### RECORDS SUPPLIED
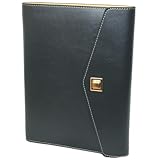 システム手帳 A5サイズ 6穴リング ソフトレザー 用紙100枚 ペンホルダー カードポケット付 回転ロック式 ビジネス手帳 バインダー (ブラック)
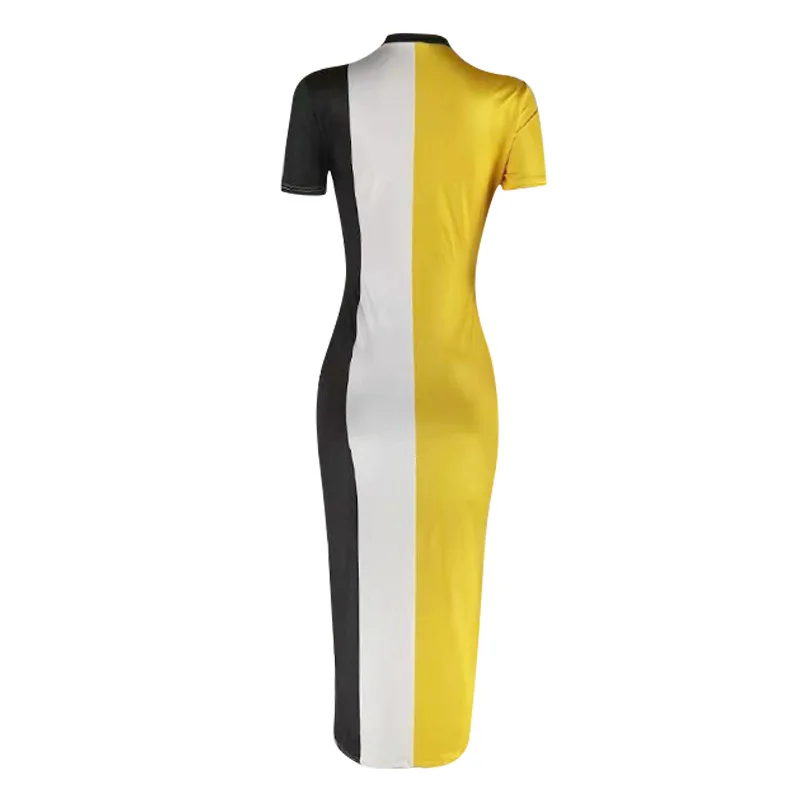 Europe and the United States women's clothing color long joining together dress with short sleeves C627 | Женская одежда
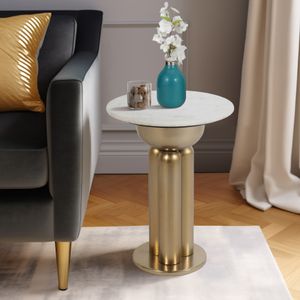 METAL, 22" MARBLE TOP SIDE TABLE, GOLD/WHITE 2
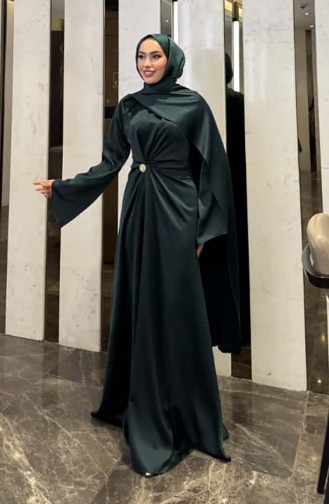 Cape Satin Evening Dress 4664-02 Emerald Green 4664-02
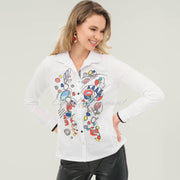 Dolcezza Printed Blouse with Rhinestone Detailing - Style 73644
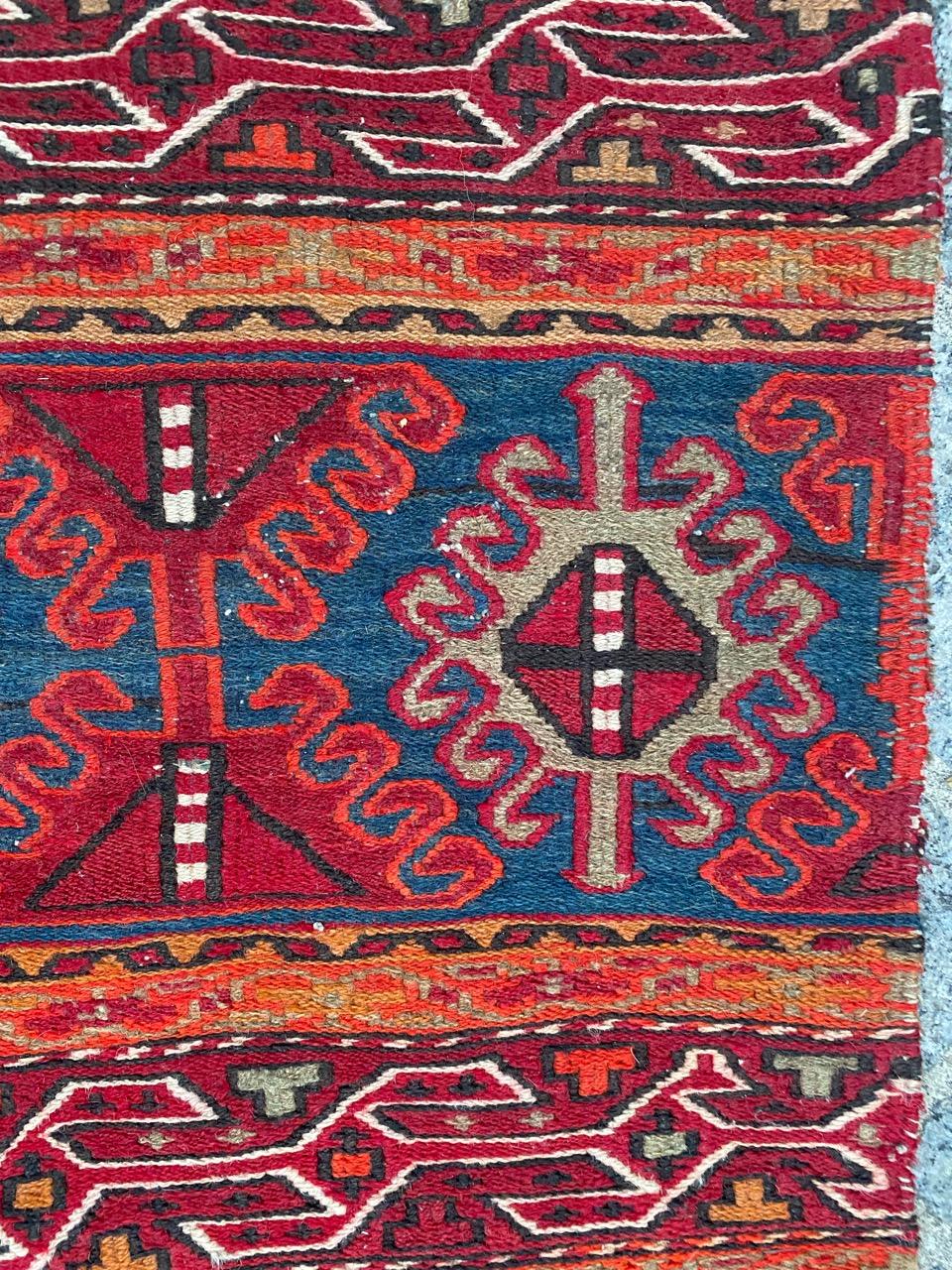 Bobyrug’s Vintage Shahsavand Soumak Kilim In Good Condition For Sale In Saint Ouen, FR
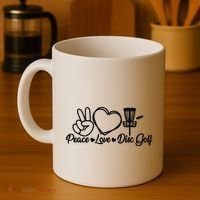 Disc Golfing Peace Love Disc Golf Coffee Mug thumb 4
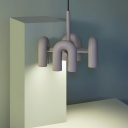 U-Shaped Pipe Artistic Living Room Suspension Lighting Metal Downwards LED Chandelier in Warm Light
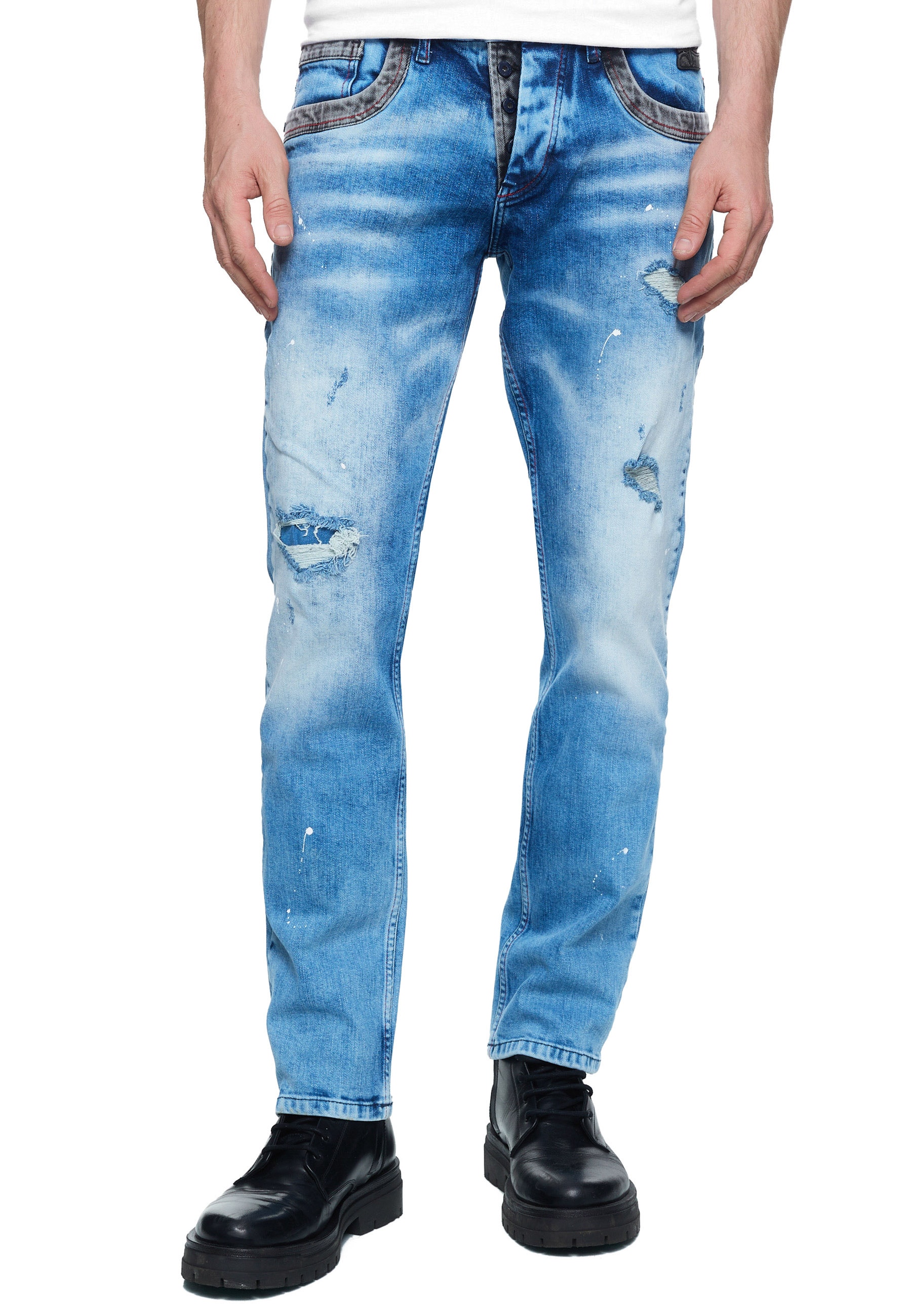 Straight-Jeans »YOKOTE«, mit farblich abgesetzten Details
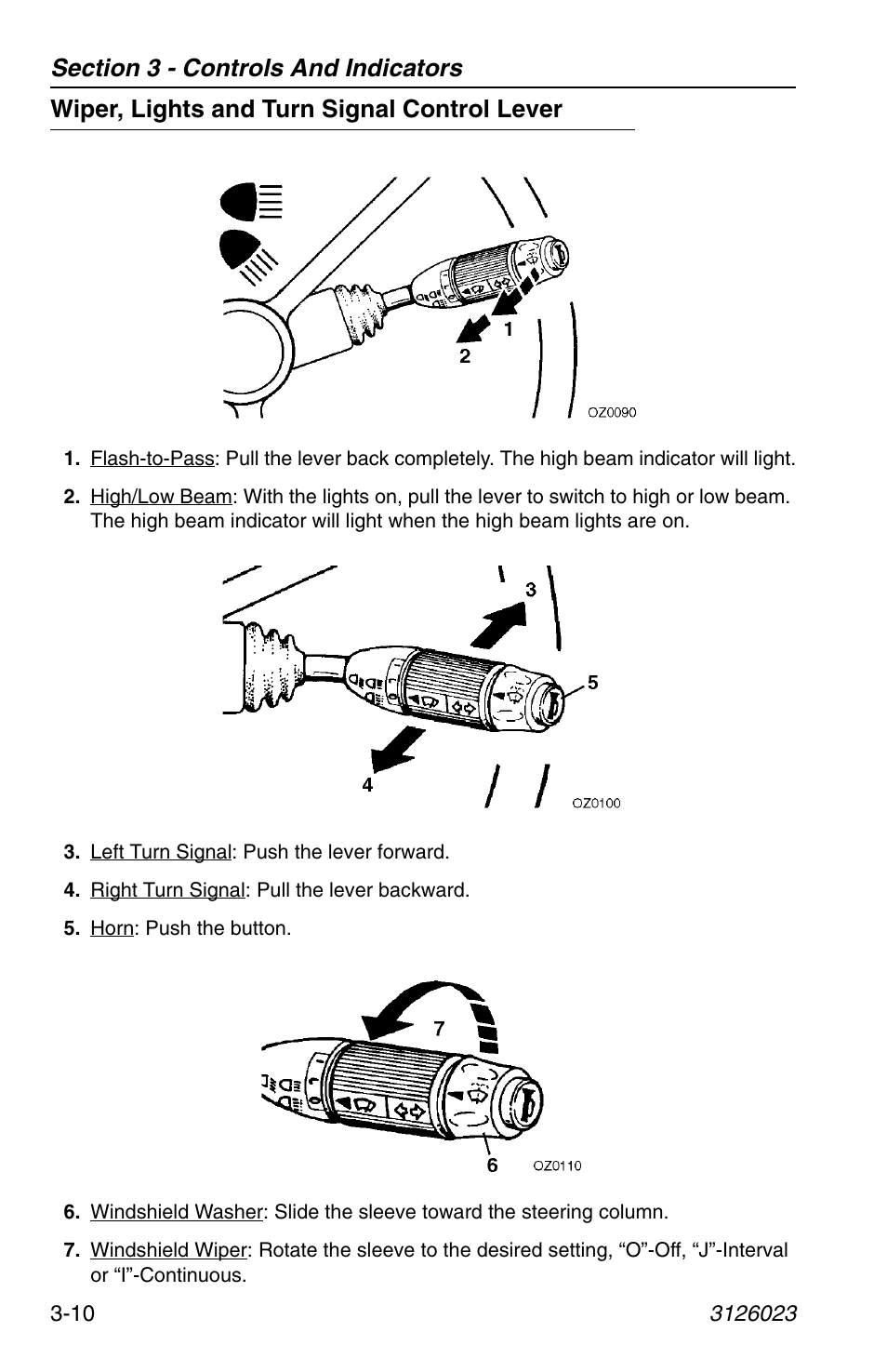 Wiper, lights and turn signal control lever, Wiper, lights and turn signal control lever -10 | JLG 266 LoPro Operator Manual User Manual | Page 44 / 140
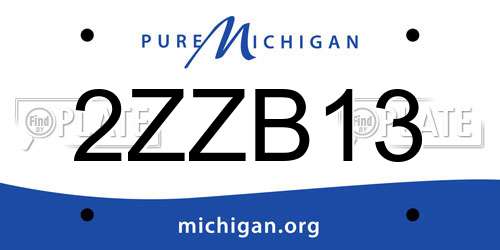 2ZZB13 Michigan License Plate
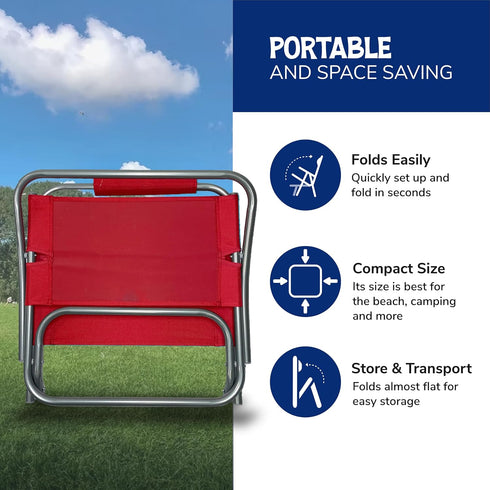 Cabana Beach 1 Folding Beach Chair, Position Lightweight and Portable Foldable Outdoor Camping Chair
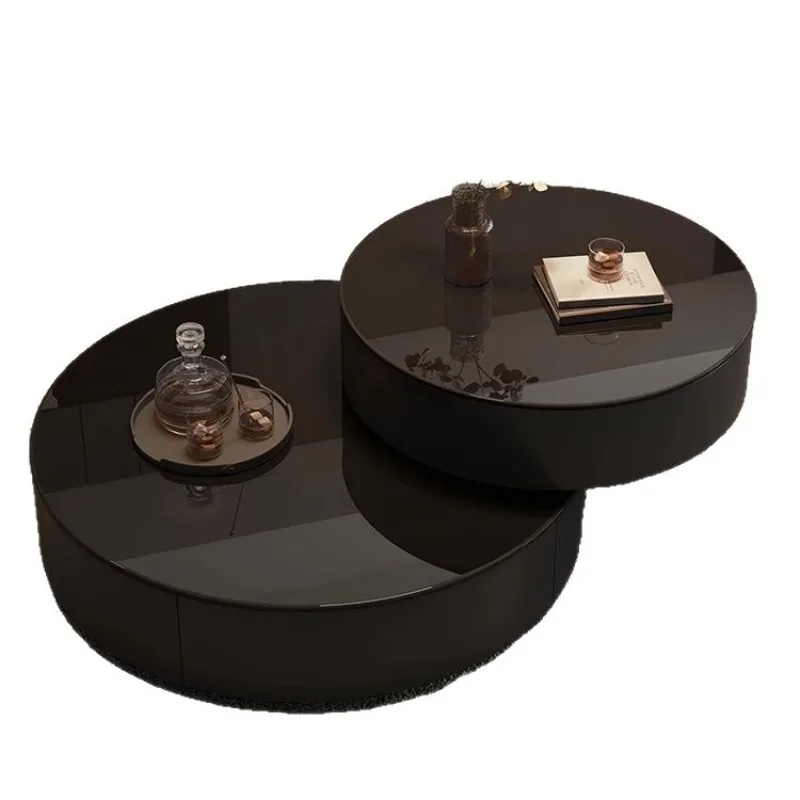

Light luxury style round black glass rotating coffee table living room home minimalist advanced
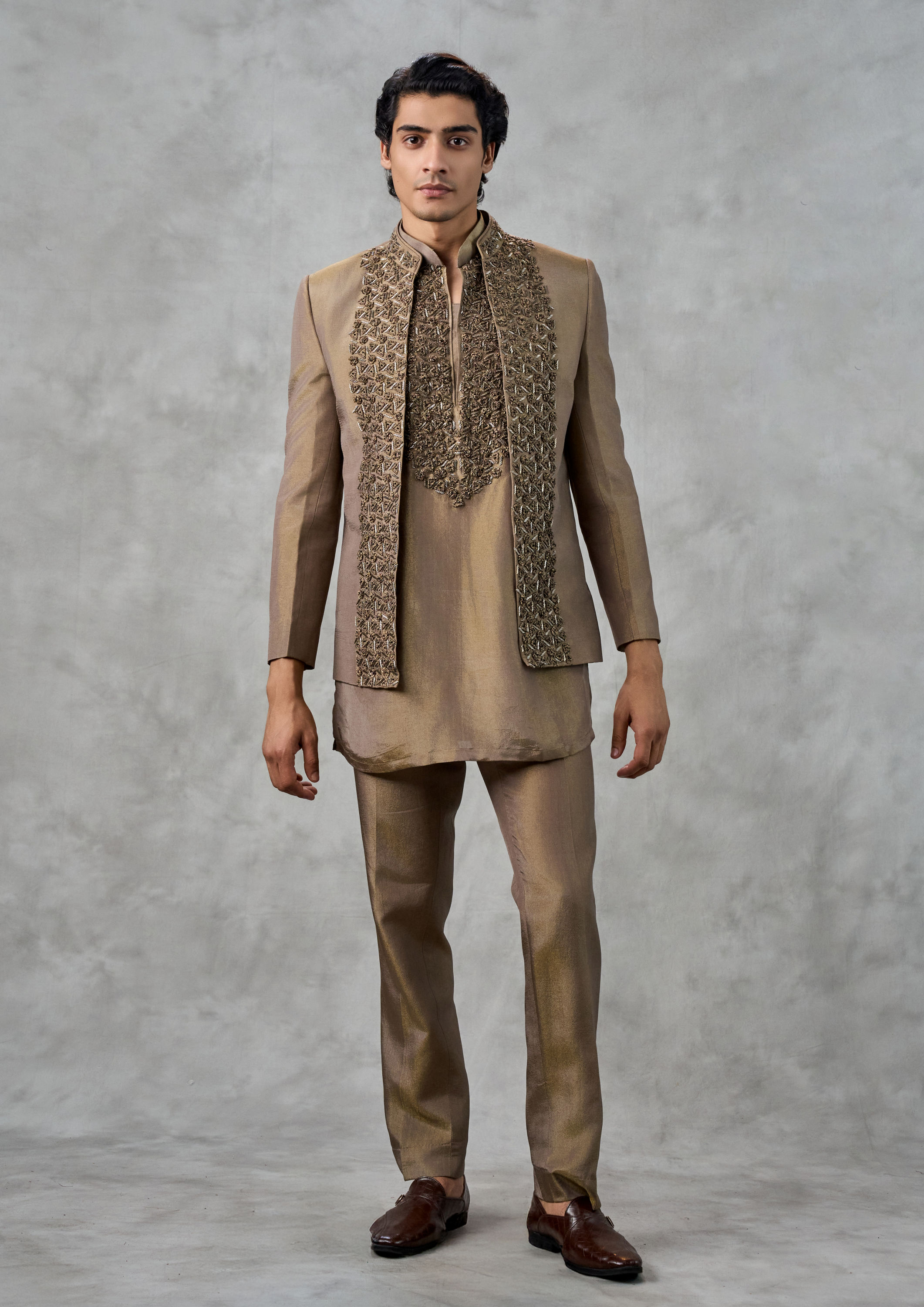 Twamev Men Regal Brown Indo Western Set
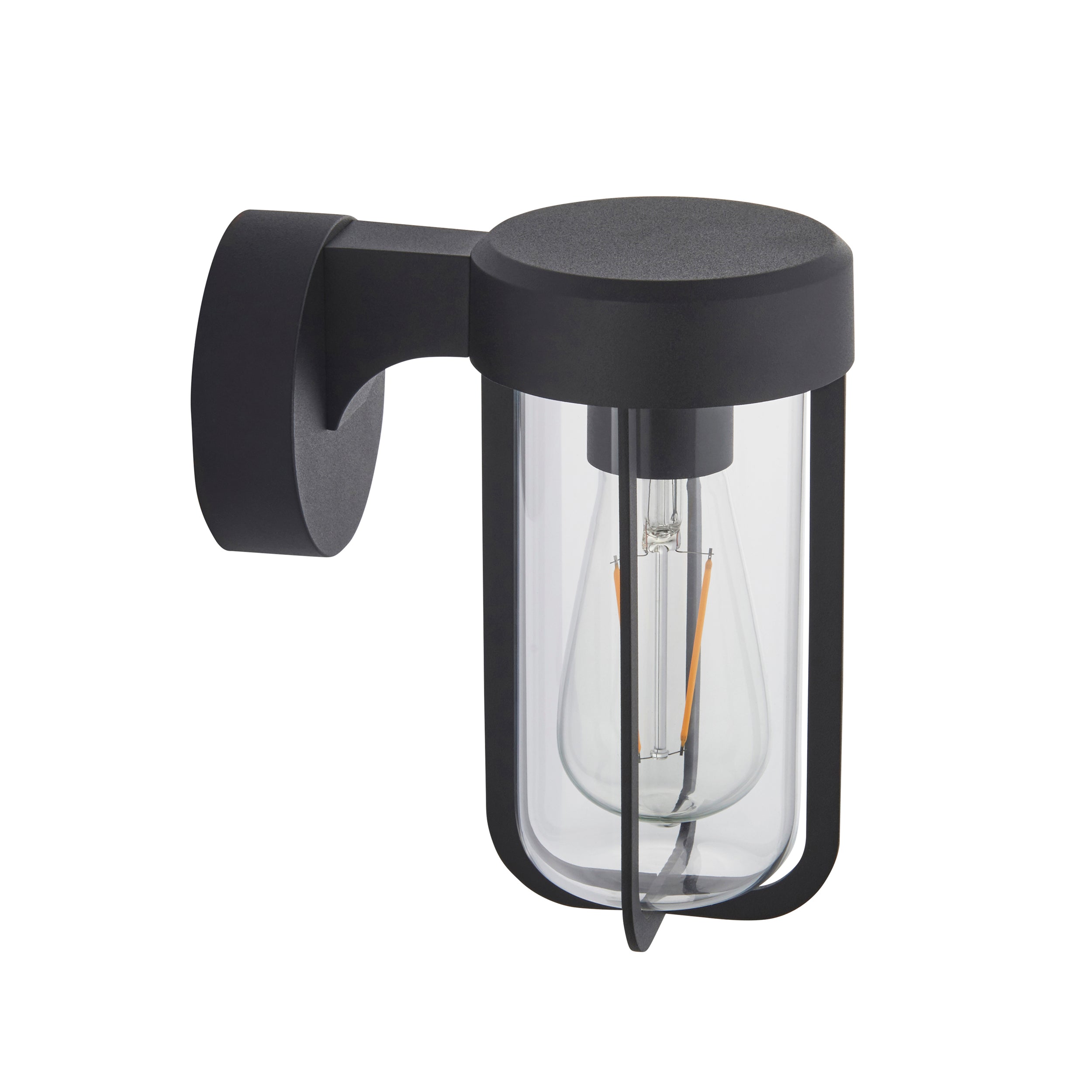 Endon Lucca Wall Light - Textured Black & Clear Glass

### EXERCISE PROMPT
Retype word for word the span of lines above that begins with the line containing "Light luxury style" and ends with the last line of the records; skip all pictures.

### FINISHED EXERCISE
Light luxury style round black glass rotating coffee table living room home minimalist advanced
 Twamev Men Regal Brown Indo Western Set
 Endon Lucca Wall Light - Textured Black & Clear Glass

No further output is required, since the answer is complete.